- What to work on
Please repeat exactly, and only, the lines from the one containing "Lions at the MGM Grand Casino" through the end of the records below, with no pictures.
::::::::
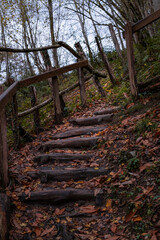 Wooden steps ascend in magical forest.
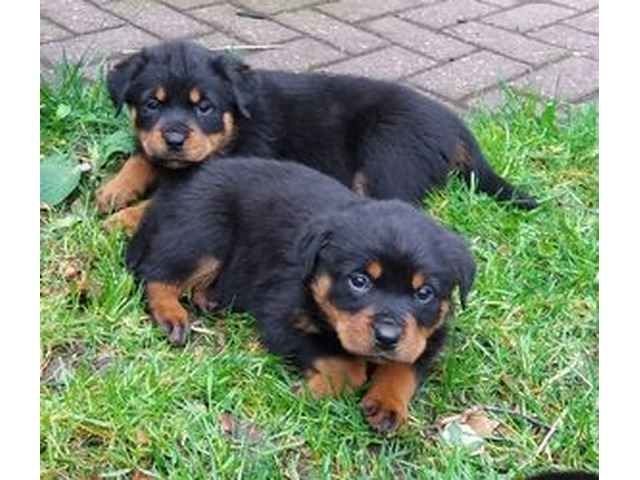 Rottweiler-Welpen zu verkaufen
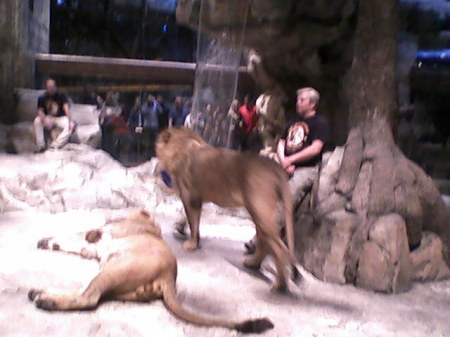 Lions at the MGM Grand Casino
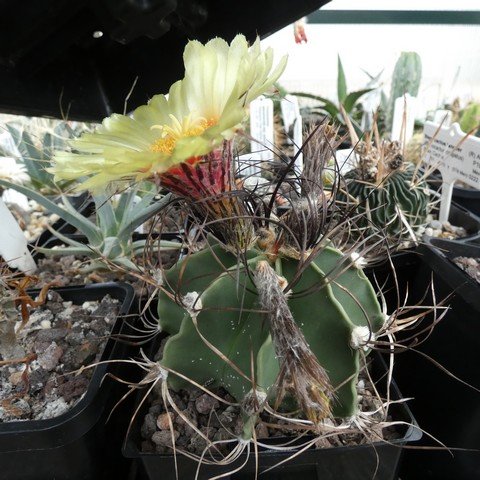 Astrophytum capricorne var minor 22111401.JPG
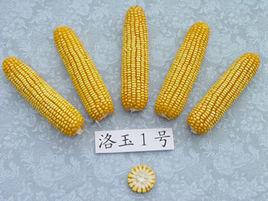 洛玉1號 洛玉1號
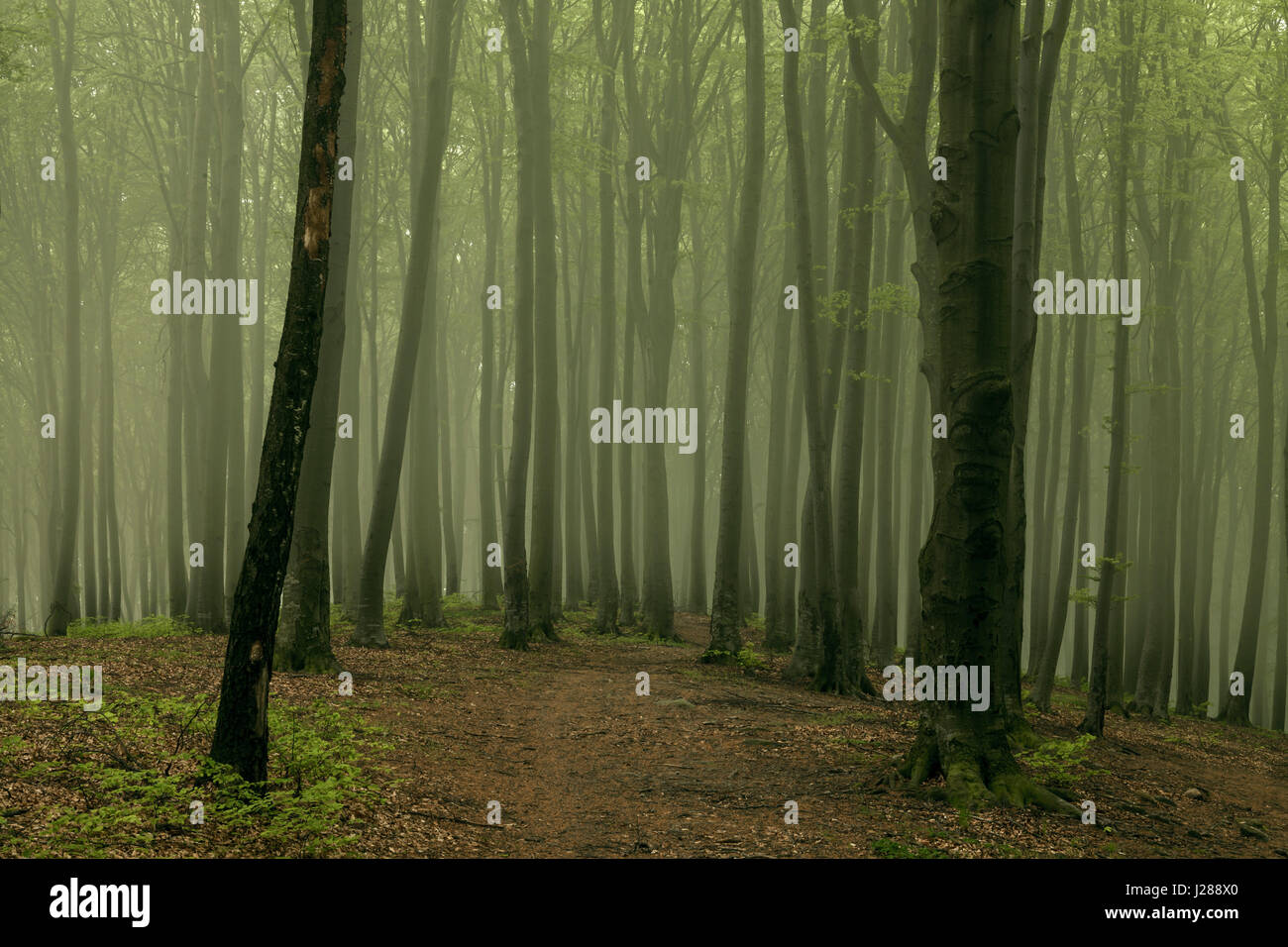 Fairy tale dreamy foggy forest Stock Photo - Alamy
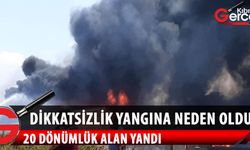 Yeniboğaziçi'nde yangın: 20 dönümlük alan yandı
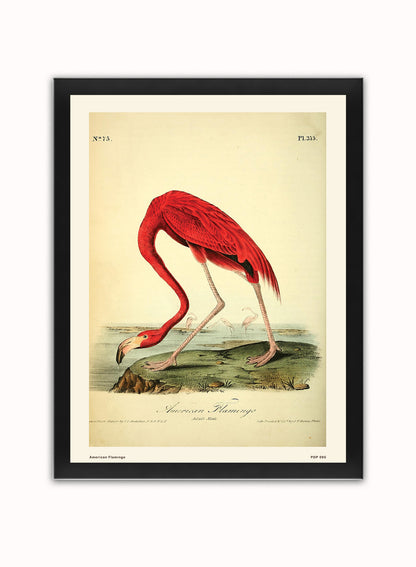 American Flamingo Natural History Vintage Poster Wall Art Print 30x40cm Black Frame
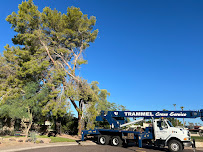 Heartwood Tree Care - Photo 4 - Car repair in Gilbert, AZ, Gilbert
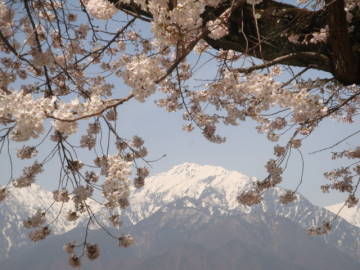 蓮華岳と観光道路の桜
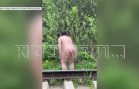 Сексуальный извращенец, нападающий на девушек в парках, работает в детсаду и его не могут уволить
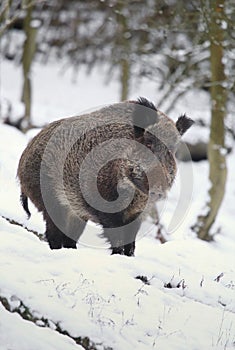 Wild boar Sus scrofa in winter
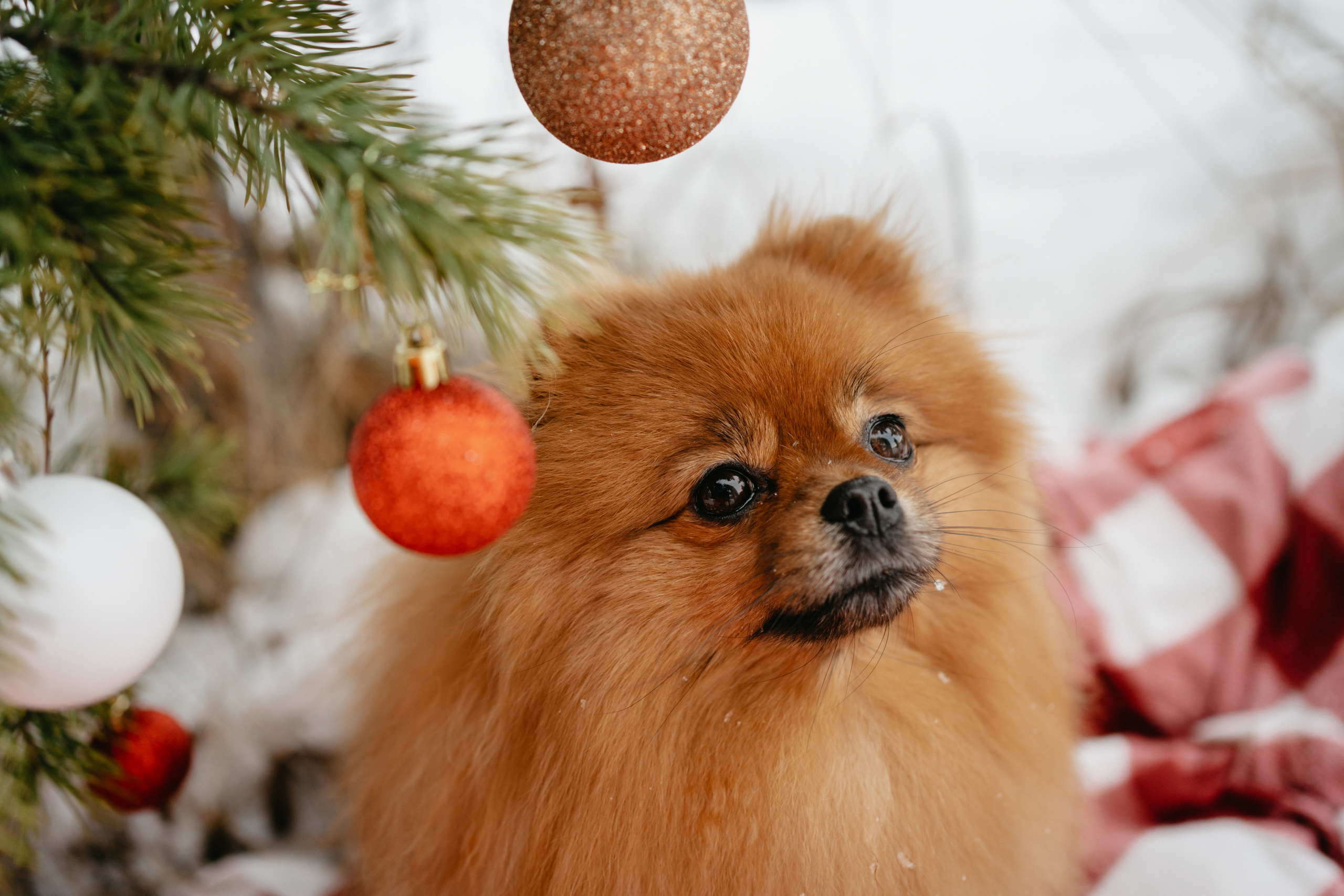 Кесси и Нола. Фотограф-анималист Анастасия Большакова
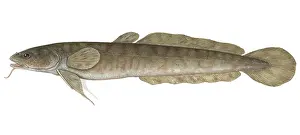 March Prints: Burbot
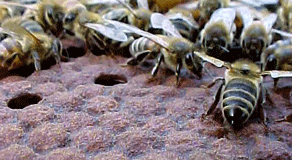 Honeybee brood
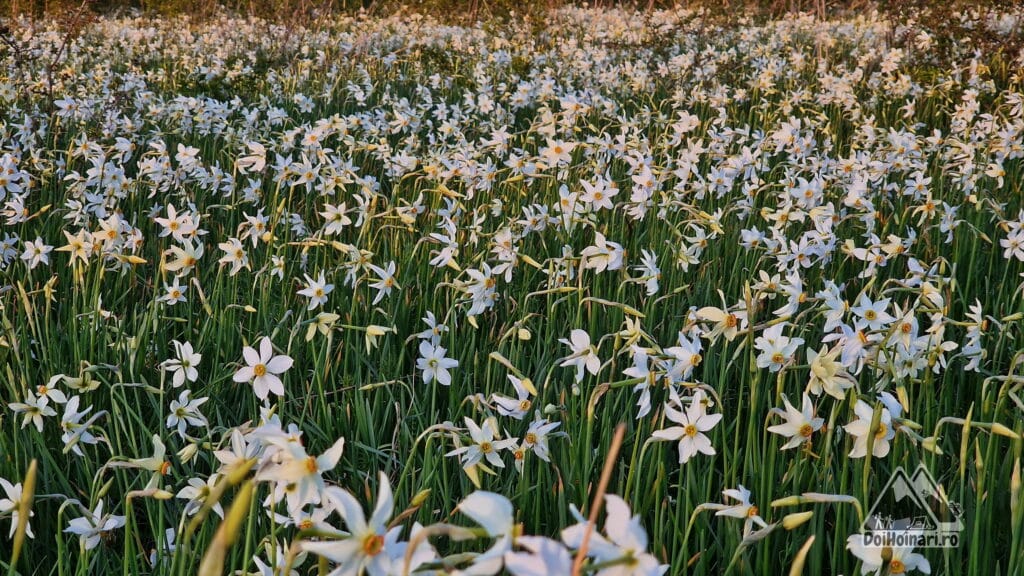 Poiana cu Narcise, Preajba, Targu Jiu Poiana cu Narcise, Preajba, Targu Jiu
::::::::
- Exercise answer
 Lions at the MGM Grand Casino
 Astrophytum capricorne var minor 22111401.JPG
 洛玉1號 洛玉1號
 Fairy tale dreamy foggy forest Stock Photo - Alamy
 Yeniboğaziçi'nde yangın: 20 dönümlük alan yandı
 American Flamingo Natural History Vintage Poster Wall Art Print 30x40cm Black Frame
 Heartwood Tree Care - Photo 4 - Car repair in Gilbert, AZ, Gilbert
 蓮華岳と観光道路の桜
 Сексуальный извращенец, нападающий на девушек в парках, работает в детсаду и его не могут уволить
 Wild boar Sus scrofa in winter
 Кесси и Нола. Фотограф-анималист Анастасия Большакова
 March Prints: Burbot
 Honeybee brood
 Poiana cu Narcise, Preajba, Targu Jiu Poiana cu Narcise, Preajba, Targu Jiu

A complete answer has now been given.